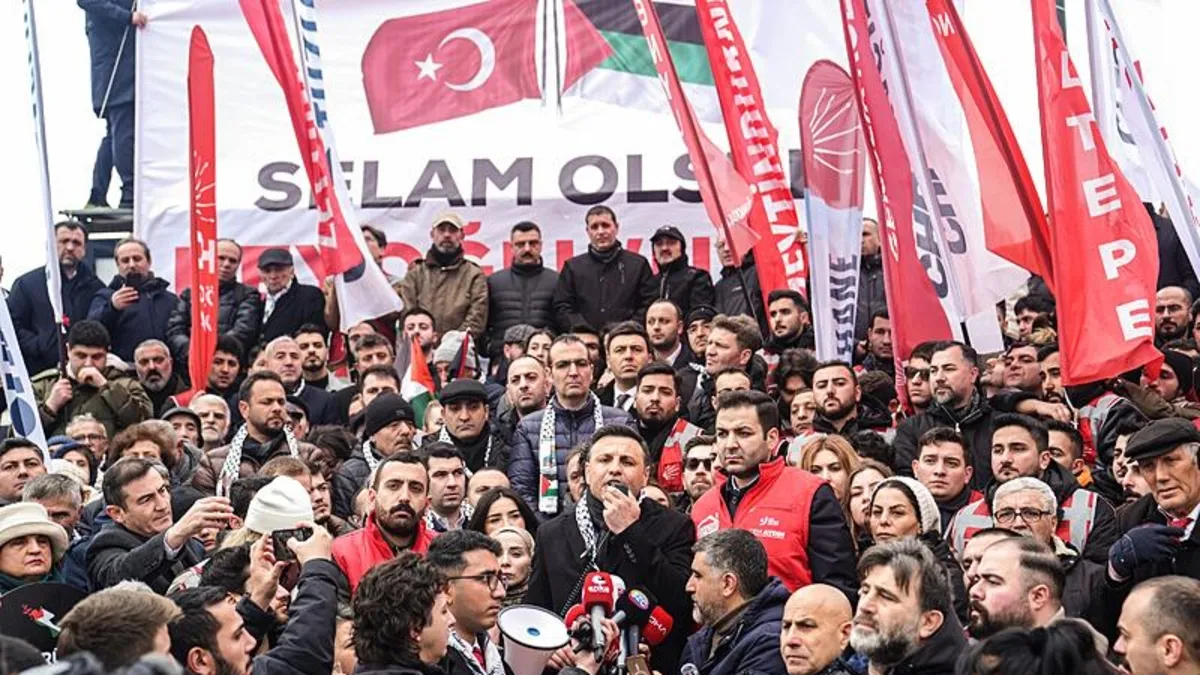 CHP'nin İstanbul'daki eyleminde yanlış Filistin bayrağı açıldı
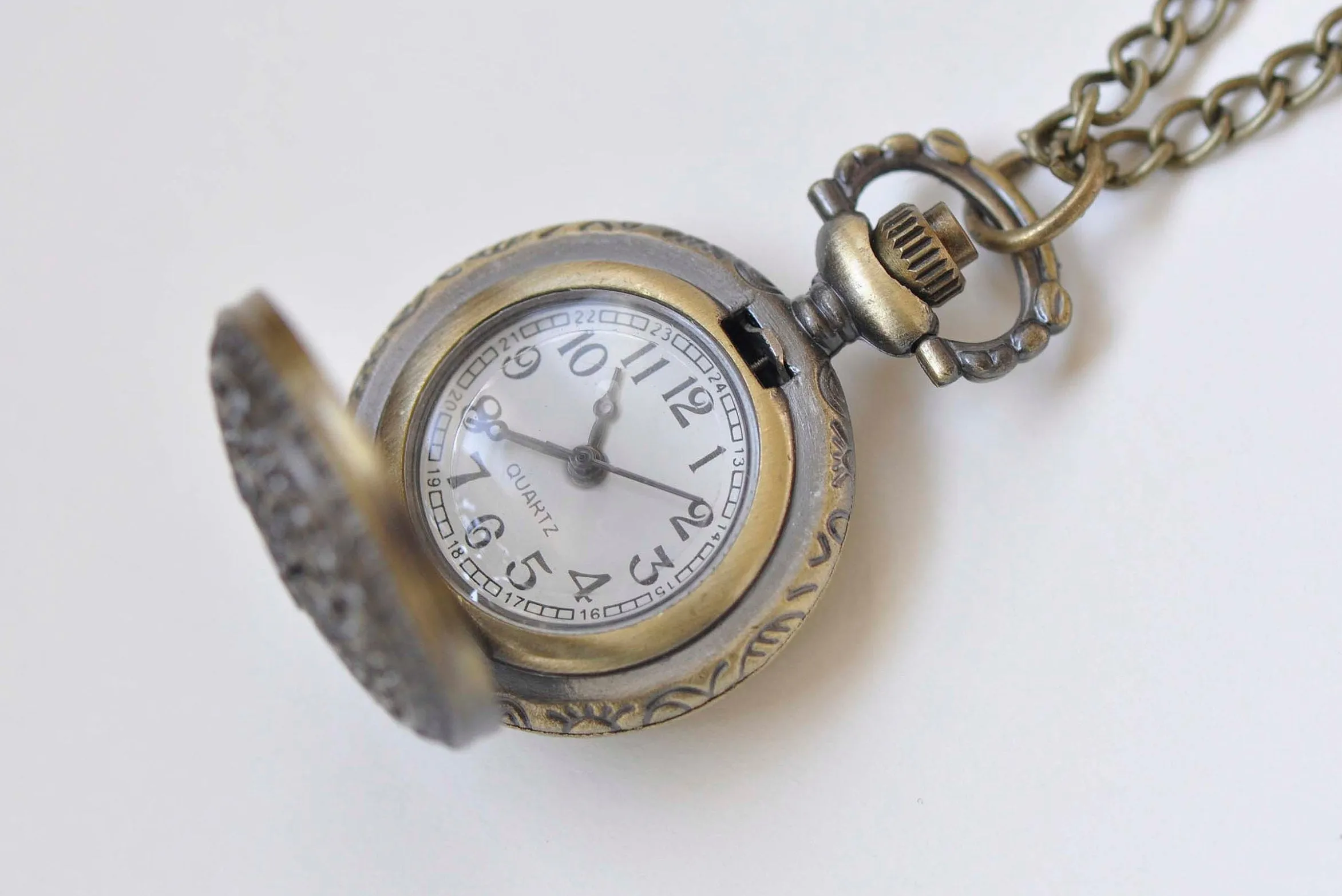 Antique Bronze Small Pocket Watch Necklace Set of 1 A6639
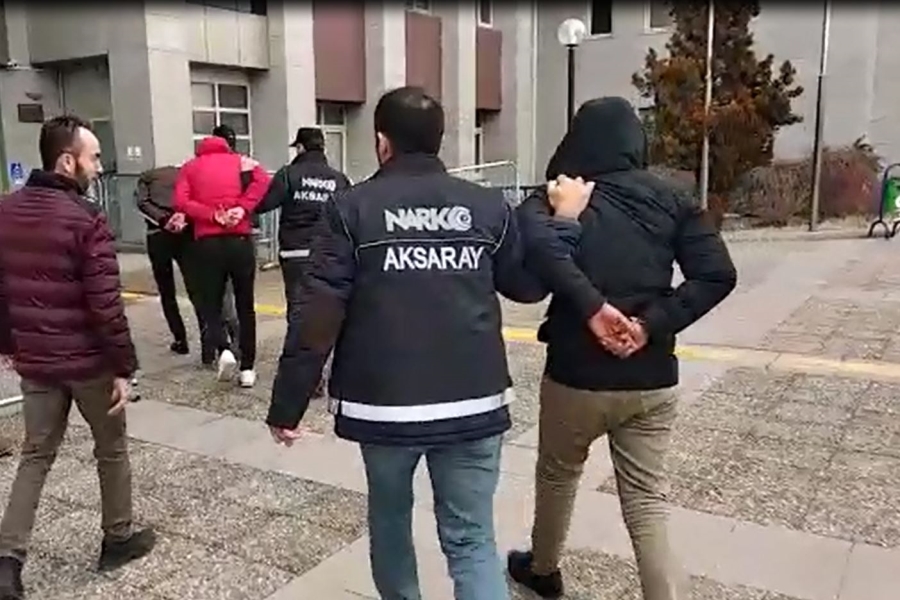 Zehir tacirleri kıskıvrak yakalandı: 1 tutuklama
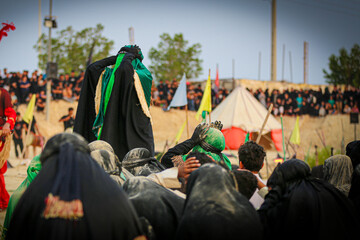 تصاویر/ تعزیه عاشورا در بوشهر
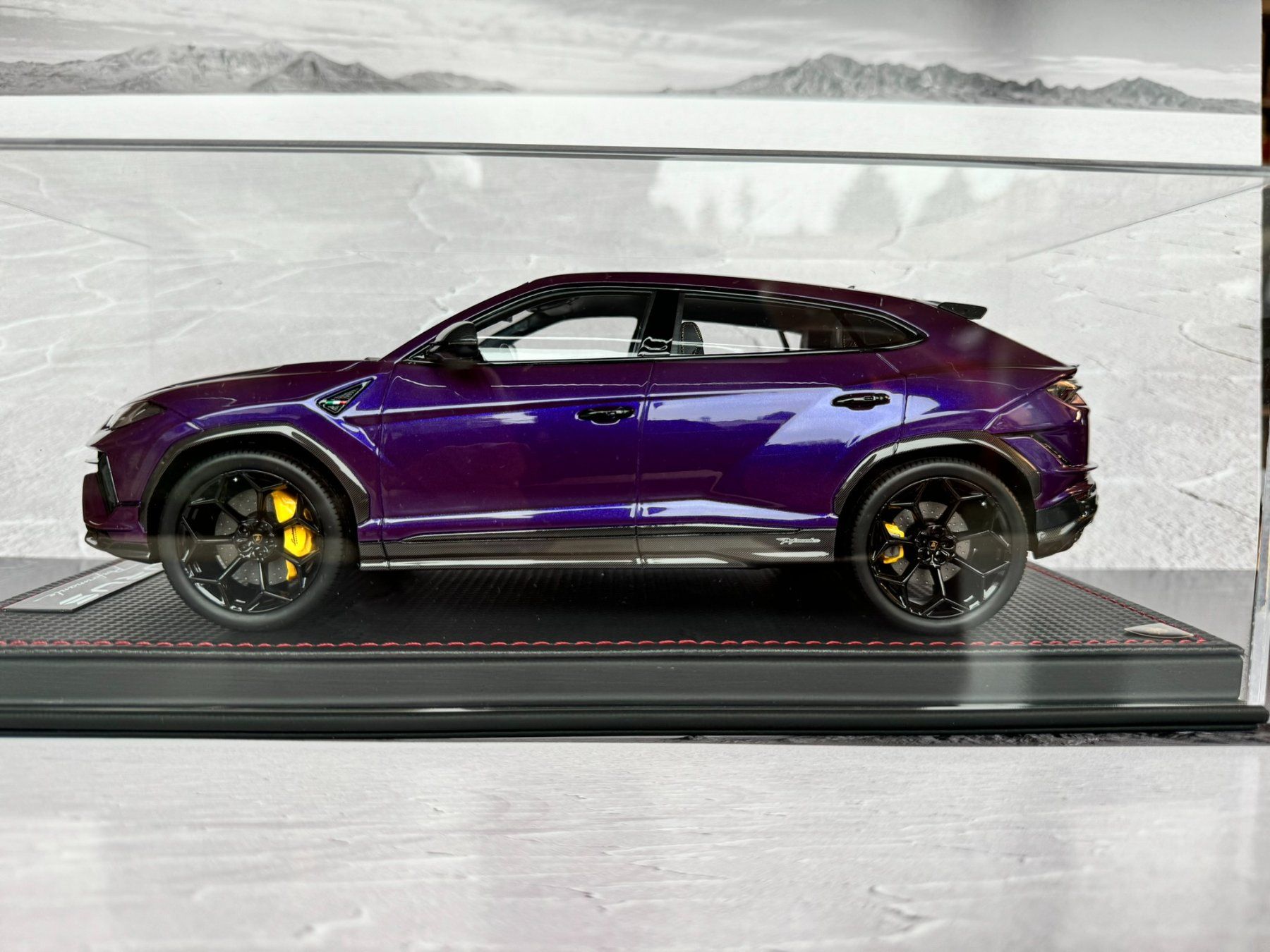 Lamborghini Modellini d'auto: 1:18 MR Models - Lamborghini Urus Performante, Viola Mithras – Nuovo (secondo la descrizione) da Tübach venduto da BonnevilleMotors 1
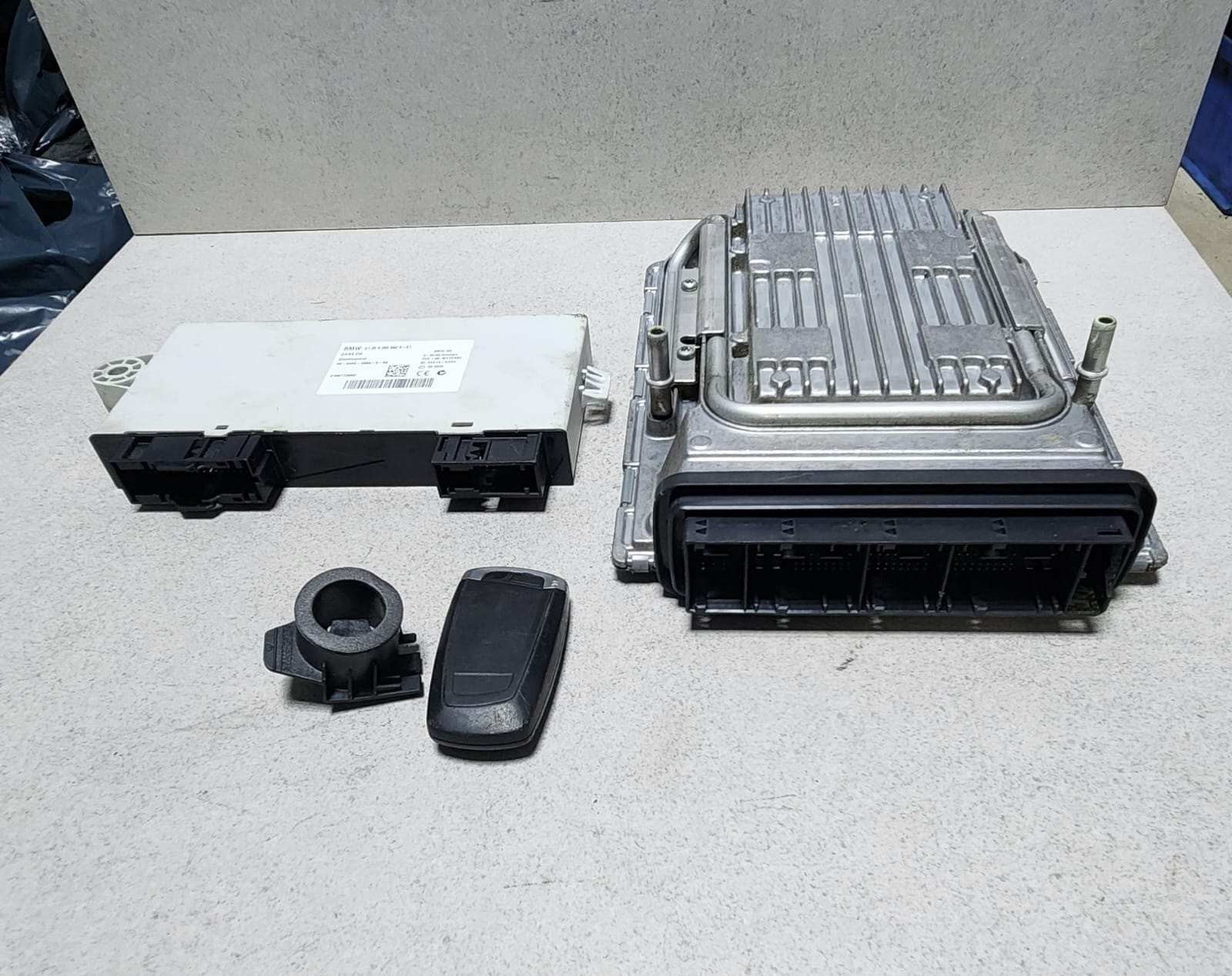 2009-2012 BMW 750i Engine Control Module 7598345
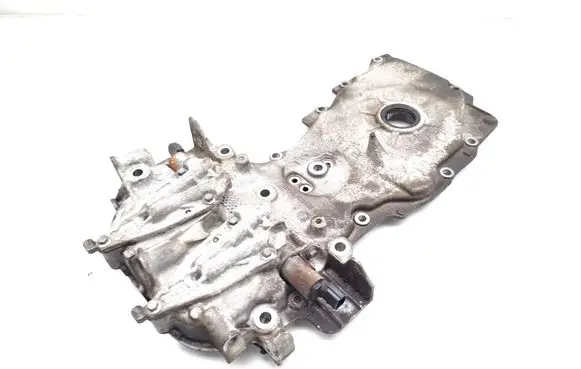 Nissan Pulsar Timing chain cover 135026985R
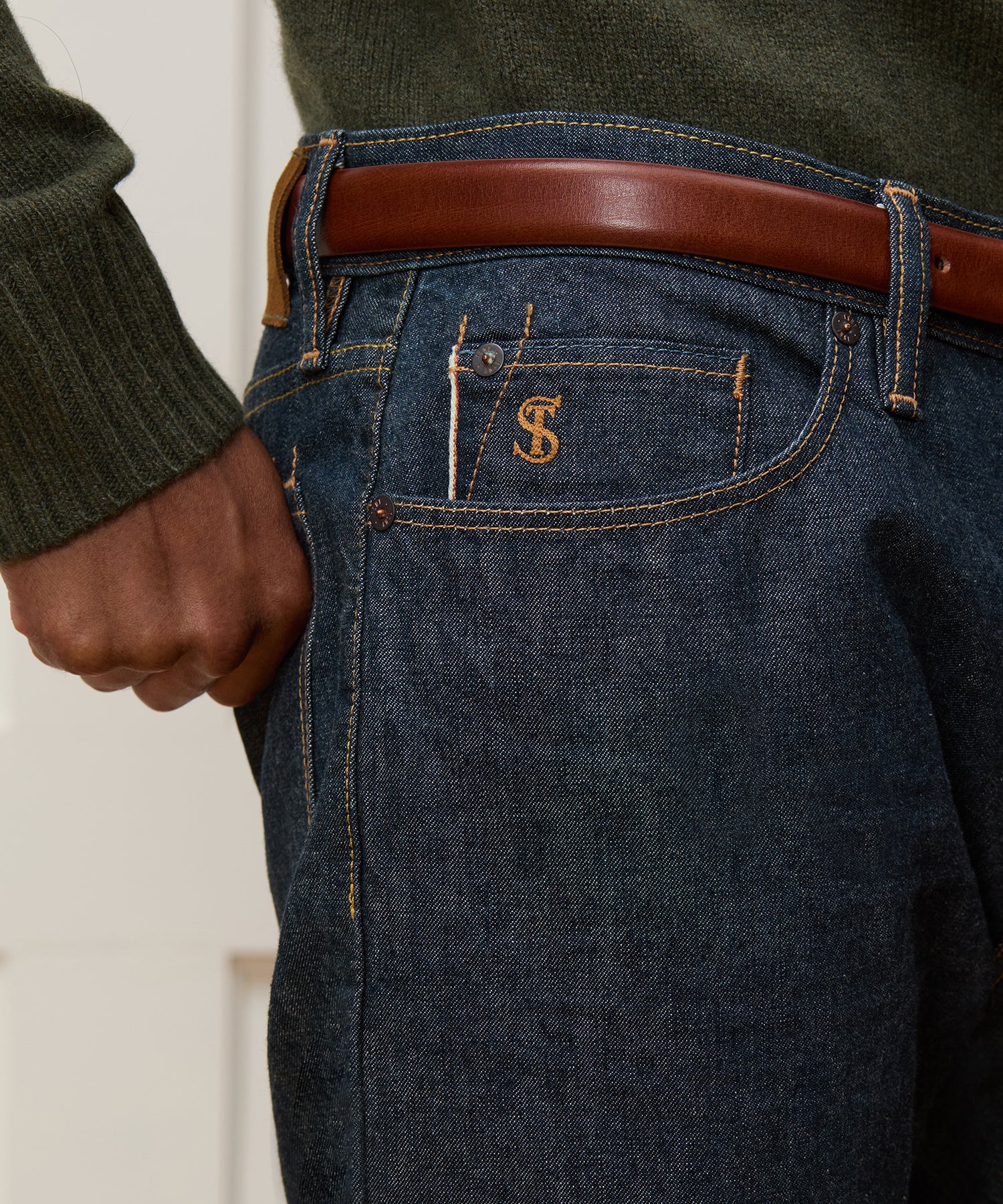 Slim Lightweight Japanese Selvedge Jean in Indigo - Image 4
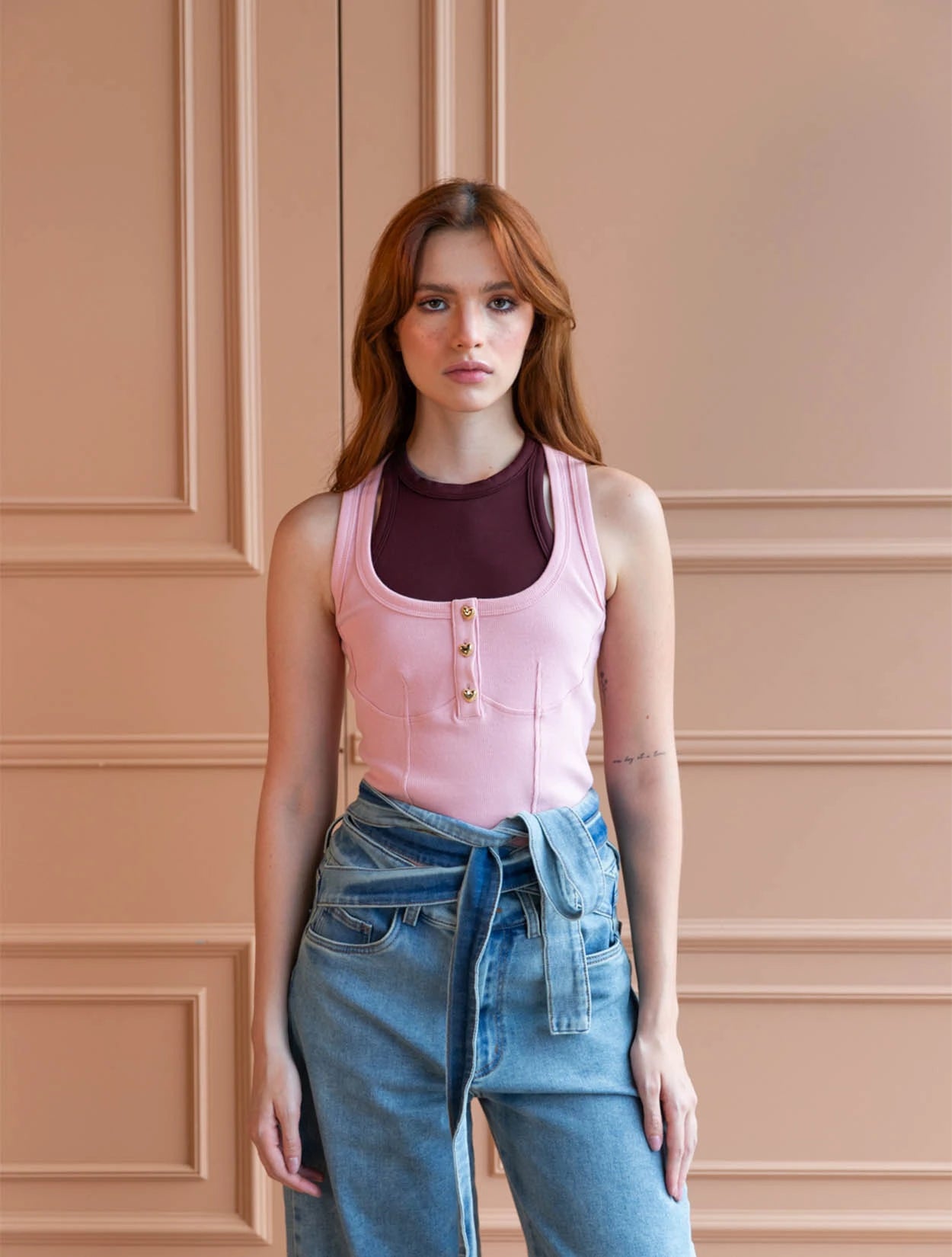 Top Doble Rose de Flow Inspires Us, marca colombiana slow fashion. Ropa de mujer artesanal hecha en Colombia. Top femenino de emprendimiento pequeño con diseño único.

----------

• Task description
From the line containing "Antique Bronze Small" down to the final line of the material above, reproduce each line exactly and include no images.

• Task output
 Antique Bronze Small Pocket Watch Necklace Set of 1 A6639
 Zehir tacirleri kıskıvrak yakalandı: 1 tutuklama
 تصاویر/ تعزیه عاشورا در بوشهر
 Lamborghini Modellini d'auto: 1:18 MR Models - Lamborghini Urus Performante, Viola Mithras – Nuovo (secondo la descrizione) da Tübach venduto da BonnevilleMotors 1
 2009-2012 BMW 750i Engine Control Module 7598345
 Nissan Pulsar Timing chain cover 135026985R
 Slim Lightweight Japanese Selvedge Jean in Indigo - Image 4
 Top Doble Rose de Flow Inspires Us, marca colombiana slow fashion. Ropa de mujer artesanal hecha en Colombia. Top femenino de emprendimiento pequeño con diseño único.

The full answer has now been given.